Thursday, May 13, 2010

Sea Song.

I was listening to this song while I wrote this.
Therefor I chose this title.




Is it crazy to want to help someone? To try and give it all just to make a difference for one person that seems helpless, alone and unaware of their potential?
Today has been far more back-stabbing than I would have expected. As if I hadn't gotten enough kicks in the ass for trying to put others first instead of me. But that's what I do. I never want to give up when I know I can make a difference for someone. I never want to give up whenever I see someone in need of help. There have been people that have done that for me years ago and without them I probably wouldn't be the person I am today. They saw I needed guidance at some point and they were there for me. Even though I pushed them away many times they kept coming back and tried not giving up on me. Because they saw what I was and what I was capable of. They knew there was more to me than what I showed.
We all lose our way at some point and sometimes we can't find it unless there is a close friend around or even your family.
I've appreciated that a lot and I only saw that after years and years when I noticed that there are so few people that want to do something for you without asking anything in return.
That's what I wanted to do. I wanted to make a difference for someone, I tried my best and while trying I got too attached. That was not supposed to happen, it was not planned.
And as usual, that someone turned their back at me. Walked away. One of the many that have done that. And I never learn. Never.

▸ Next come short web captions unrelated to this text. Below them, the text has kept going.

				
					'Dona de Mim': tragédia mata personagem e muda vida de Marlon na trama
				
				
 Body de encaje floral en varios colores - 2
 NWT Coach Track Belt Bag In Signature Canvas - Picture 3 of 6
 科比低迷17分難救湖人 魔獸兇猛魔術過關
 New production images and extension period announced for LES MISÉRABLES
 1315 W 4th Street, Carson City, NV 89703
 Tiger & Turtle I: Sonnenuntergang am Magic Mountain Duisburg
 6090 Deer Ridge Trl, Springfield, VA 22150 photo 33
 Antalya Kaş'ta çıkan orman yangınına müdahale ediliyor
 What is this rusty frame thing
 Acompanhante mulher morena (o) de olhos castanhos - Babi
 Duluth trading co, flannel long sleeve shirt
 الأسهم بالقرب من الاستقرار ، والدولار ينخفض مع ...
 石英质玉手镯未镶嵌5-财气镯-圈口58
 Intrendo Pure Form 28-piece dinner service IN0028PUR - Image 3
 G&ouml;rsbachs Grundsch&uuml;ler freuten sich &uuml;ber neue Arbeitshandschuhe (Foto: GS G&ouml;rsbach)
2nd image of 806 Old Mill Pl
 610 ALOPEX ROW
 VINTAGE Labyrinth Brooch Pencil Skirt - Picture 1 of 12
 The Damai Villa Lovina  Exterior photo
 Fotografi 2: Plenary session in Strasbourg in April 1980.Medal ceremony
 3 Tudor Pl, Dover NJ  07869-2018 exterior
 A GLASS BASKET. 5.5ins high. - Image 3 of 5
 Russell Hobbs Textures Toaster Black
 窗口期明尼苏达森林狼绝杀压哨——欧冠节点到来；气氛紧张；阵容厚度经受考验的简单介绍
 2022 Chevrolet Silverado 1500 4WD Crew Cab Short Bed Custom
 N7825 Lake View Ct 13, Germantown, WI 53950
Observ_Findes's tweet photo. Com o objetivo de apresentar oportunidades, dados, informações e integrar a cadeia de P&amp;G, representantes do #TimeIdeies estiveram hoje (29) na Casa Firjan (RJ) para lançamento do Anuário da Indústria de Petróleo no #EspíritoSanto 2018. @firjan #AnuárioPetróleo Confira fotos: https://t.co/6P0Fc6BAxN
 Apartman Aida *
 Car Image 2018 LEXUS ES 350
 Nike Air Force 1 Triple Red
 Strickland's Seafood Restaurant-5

Call it pathetic, dumb, whatever you want. But that's just what I do.
Maybe the words are not the best choice but right now, I felt like sharing this. Maybe that person will read it, maybe .. I'll get a small pat and a "thank you for trying but I really didn't need it". Just maybe.
And maybe tomorrow will be different. Maybe I won't be disappointed anymore.
Maybe the sun will shine tomorrow and my friends will be around me.
Tomorrow I'll be home again.




Drive with me
Do the things you wont believe
Drive with me
Past the city and down to sea
Crushing Dreams
Leave me be, I cannot sleep
Drown with me
Past the city, down to sea
Rush of dream
Leave in peace, let me be
oh, it's the pain
It's ingrained in me
oh, soothe my pain
It's ingrained in me
Drive with me .

Tuesday, May 11, 2010

Tonight.

I have so many unfinished posts that I don't even know which to finish..


I've been thinking a lot lately about everything that has been happening and I'll go back to one of my favorite movies and quote " Happiness only real when shared".
I don't know what to believe in anymore, but I guess that's nothing new to the "agenda". I suppose we all have our moments of doubts and pointless thoughts. Tonight is one of those moments.